Every line from the start of the listing below through the line that contains "Photo of 2142" is to be reproduced word for word.

RECORDS TO PROCESS Block Start

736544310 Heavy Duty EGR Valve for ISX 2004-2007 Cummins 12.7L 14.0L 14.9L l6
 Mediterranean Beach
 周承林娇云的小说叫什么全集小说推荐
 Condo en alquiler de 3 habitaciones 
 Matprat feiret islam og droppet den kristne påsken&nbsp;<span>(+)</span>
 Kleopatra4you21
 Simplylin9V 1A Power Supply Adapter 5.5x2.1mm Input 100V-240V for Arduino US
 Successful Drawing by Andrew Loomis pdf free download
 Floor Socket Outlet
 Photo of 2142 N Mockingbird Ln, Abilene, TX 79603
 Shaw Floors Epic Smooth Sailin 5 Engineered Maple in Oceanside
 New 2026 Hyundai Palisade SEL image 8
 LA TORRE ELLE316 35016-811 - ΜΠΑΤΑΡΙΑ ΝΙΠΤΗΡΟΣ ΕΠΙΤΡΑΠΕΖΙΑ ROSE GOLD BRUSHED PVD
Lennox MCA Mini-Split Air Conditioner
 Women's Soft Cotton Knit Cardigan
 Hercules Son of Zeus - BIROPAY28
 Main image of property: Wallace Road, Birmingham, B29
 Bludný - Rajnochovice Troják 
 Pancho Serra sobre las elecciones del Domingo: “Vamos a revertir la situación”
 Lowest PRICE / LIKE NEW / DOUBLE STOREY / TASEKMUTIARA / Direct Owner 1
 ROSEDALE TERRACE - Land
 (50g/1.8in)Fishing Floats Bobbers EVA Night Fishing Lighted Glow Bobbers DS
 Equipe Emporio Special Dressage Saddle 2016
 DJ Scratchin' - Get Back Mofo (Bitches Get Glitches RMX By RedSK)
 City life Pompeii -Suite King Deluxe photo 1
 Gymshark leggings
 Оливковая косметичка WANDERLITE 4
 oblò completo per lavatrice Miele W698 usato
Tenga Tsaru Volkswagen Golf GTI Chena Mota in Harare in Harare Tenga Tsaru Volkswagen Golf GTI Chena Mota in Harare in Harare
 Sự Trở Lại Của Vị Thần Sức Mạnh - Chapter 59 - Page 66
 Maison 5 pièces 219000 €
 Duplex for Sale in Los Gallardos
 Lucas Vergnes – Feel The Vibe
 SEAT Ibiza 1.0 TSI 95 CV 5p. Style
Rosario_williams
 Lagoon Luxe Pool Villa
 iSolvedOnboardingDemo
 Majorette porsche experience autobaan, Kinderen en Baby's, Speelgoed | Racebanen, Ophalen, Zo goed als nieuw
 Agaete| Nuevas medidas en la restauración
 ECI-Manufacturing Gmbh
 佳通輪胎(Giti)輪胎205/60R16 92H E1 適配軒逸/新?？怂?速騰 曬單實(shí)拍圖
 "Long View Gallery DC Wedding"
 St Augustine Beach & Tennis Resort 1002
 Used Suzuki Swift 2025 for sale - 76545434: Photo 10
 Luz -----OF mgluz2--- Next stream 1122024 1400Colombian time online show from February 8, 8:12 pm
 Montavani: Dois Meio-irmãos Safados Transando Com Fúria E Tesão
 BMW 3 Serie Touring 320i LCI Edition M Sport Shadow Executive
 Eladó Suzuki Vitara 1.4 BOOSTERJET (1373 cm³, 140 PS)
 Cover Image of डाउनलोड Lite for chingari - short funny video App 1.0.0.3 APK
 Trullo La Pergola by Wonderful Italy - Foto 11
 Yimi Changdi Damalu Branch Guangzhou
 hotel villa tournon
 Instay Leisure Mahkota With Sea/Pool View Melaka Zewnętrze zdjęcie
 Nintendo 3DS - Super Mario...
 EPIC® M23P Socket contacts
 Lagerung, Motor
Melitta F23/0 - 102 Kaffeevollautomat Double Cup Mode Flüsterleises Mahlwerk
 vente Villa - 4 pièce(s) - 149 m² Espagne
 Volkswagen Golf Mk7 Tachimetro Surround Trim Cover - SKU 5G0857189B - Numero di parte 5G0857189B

RECORDS TO PROCESS Block End

YOUR RESPONSE:
736544310 Heavy Duty EGR Valve for ISX 2004-2007 Cummins 12.7L 14.0L 14.9L l6
 Mediterranean Beach
 周承林娇云的小说叫什么全集小说推荐
 Condo en alquiler de 3 habitaciones 
 Matprat feiret islam og droppet den kristne påsken&nbsp;<span>(+)</span>
 Kleopatra4you21
 Simplylin9V 1A Power Supply Adapter 5.5x2.1mm Input 100V-240V for Arduino US
 Successful Drawing by Andrew Loomis pdf free download
 Floor Socket Outlet
 Photo of 2142 N Mockingbird Ln, Abilene, TX 79603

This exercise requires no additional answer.